• **WHAT IS BEING ASKED**
How many lines below contain the word "Phone"? Reply solely with the number.

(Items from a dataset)
= = = = = = =

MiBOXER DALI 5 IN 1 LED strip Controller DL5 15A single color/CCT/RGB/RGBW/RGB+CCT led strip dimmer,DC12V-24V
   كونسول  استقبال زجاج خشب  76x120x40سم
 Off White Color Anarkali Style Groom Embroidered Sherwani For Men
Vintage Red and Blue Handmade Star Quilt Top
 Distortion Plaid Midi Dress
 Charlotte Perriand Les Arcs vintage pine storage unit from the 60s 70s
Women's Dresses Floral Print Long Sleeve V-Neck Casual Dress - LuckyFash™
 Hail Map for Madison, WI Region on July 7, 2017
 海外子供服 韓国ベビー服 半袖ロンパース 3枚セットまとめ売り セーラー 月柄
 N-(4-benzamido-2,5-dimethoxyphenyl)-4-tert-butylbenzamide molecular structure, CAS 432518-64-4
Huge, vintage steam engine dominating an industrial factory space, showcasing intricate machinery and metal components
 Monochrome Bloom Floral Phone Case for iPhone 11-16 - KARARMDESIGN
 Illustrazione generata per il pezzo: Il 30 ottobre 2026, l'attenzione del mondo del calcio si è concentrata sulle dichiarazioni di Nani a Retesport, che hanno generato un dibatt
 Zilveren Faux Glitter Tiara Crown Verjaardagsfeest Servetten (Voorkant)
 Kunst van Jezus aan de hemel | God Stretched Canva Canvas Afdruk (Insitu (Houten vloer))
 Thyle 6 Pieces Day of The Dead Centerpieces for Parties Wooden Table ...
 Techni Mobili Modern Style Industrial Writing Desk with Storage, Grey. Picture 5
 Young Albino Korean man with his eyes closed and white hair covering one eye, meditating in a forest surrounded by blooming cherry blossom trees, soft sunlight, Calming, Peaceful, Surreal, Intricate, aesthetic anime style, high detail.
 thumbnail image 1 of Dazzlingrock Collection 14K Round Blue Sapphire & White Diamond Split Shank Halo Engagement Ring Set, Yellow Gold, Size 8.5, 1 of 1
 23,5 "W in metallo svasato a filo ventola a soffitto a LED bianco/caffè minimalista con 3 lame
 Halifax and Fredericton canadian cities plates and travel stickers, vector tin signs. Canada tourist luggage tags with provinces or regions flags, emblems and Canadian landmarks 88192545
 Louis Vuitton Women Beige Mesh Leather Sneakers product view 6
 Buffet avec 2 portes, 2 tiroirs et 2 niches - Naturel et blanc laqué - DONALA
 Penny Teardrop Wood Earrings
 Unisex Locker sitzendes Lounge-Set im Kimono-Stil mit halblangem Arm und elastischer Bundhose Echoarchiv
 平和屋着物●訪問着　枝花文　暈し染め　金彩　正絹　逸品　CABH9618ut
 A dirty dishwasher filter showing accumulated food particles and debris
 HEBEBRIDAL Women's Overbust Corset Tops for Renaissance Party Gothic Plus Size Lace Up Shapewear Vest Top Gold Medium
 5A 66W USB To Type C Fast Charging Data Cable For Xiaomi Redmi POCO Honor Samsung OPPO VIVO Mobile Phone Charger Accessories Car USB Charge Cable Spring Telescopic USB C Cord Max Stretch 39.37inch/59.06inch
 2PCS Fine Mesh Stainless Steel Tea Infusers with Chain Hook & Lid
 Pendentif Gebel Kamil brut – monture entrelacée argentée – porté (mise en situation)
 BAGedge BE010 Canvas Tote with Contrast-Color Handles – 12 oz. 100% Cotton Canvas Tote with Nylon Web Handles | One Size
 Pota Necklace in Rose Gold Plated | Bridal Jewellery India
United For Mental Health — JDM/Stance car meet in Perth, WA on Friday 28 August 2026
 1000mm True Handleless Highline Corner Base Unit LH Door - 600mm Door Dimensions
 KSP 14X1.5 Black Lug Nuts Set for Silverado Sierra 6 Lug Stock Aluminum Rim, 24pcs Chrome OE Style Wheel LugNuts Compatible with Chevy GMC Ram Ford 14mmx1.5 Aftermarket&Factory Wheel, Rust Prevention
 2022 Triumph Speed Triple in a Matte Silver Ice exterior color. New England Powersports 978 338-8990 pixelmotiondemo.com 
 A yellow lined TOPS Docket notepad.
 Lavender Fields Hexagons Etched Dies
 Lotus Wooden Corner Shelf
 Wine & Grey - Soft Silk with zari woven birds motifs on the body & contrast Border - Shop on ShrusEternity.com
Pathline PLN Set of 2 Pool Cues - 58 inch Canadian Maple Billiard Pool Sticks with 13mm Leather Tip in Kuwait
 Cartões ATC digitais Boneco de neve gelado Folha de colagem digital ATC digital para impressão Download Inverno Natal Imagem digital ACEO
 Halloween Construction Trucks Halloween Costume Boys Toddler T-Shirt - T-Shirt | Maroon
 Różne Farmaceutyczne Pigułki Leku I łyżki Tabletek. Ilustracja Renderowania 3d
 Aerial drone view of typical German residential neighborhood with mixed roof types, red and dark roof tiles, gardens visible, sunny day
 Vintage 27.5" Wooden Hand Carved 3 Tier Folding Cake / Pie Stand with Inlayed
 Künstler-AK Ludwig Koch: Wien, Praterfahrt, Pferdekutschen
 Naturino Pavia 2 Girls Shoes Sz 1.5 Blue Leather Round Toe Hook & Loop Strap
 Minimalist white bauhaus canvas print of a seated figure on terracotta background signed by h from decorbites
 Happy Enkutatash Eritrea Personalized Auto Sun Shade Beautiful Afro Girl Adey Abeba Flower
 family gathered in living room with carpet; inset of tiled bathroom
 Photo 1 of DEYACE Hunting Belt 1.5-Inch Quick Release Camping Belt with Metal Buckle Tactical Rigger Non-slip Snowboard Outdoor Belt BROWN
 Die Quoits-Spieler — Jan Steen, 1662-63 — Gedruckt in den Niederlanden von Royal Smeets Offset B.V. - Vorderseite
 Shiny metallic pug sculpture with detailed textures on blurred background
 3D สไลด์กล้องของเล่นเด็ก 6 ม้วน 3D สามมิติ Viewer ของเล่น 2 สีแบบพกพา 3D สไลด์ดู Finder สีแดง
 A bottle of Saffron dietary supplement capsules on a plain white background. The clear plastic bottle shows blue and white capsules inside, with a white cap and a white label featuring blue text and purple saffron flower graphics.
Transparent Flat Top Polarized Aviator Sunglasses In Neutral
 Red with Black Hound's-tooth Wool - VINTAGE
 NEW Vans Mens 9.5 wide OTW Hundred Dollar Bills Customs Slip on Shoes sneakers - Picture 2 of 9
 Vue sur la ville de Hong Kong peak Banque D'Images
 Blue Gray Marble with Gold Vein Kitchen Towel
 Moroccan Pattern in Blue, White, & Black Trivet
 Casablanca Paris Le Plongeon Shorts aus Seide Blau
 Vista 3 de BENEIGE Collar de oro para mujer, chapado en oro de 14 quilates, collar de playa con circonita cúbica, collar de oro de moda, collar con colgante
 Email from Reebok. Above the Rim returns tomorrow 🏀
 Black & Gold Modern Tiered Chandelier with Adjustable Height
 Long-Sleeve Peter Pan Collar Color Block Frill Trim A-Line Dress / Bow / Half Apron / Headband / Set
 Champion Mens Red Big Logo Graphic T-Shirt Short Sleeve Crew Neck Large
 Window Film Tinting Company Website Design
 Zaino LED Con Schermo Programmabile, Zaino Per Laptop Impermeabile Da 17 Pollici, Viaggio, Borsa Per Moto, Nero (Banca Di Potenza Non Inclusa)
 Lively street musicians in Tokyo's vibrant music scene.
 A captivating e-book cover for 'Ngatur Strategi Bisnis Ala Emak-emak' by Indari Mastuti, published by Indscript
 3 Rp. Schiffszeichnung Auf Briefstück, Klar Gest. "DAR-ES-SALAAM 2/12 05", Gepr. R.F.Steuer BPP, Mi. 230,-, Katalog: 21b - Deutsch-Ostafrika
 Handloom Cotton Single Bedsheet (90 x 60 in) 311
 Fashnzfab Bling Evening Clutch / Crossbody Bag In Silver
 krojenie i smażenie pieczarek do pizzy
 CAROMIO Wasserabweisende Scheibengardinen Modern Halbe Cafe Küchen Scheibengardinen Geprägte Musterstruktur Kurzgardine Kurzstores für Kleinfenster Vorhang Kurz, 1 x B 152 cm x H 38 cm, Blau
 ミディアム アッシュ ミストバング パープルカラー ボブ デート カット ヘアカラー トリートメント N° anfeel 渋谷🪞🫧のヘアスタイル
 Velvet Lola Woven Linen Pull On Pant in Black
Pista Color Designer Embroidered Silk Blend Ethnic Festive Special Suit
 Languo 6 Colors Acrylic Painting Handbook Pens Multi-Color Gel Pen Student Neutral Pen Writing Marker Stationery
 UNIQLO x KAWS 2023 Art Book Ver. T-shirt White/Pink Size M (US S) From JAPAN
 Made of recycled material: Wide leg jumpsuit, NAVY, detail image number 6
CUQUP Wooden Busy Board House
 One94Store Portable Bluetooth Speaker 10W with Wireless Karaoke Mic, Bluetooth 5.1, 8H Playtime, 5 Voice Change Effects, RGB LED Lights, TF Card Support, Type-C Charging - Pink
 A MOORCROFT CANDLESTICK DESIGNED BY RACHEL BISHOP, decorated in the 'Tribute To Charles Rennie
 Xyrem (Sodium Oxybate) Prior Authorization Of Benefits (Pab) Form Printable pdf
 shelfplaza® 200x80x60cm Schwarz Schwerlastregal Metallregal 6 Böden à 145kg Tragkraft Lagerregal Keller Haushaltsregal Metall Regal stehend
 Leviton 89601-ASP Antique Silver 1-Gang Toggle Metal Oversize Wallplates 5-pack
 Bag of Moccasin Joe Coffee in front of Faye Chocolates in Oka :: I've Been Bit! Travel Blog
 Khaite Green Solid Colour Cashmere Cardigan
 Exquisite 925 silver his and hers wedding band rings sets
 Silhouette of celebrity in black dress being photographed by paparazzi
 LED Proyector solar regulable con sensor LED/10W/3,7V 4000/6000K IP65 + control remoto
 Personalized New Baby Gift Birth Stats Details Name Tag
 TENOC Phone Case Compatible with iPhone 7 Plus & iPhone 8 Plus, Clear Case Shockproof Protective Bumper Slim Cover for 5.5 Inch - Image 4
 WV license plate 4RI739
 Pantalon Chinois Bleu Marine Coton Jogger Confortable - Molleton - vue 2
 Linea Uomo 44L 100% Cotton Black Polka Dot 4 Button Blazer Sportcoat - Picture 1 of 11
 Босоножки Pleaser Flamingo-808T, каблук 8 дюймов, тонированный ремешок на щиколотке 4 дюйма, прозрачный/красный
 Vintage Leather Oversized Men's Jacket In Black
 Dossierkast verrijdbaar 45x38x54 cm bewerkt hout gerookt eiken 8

= = = = = = =

• **WRITTEN REPLY**
3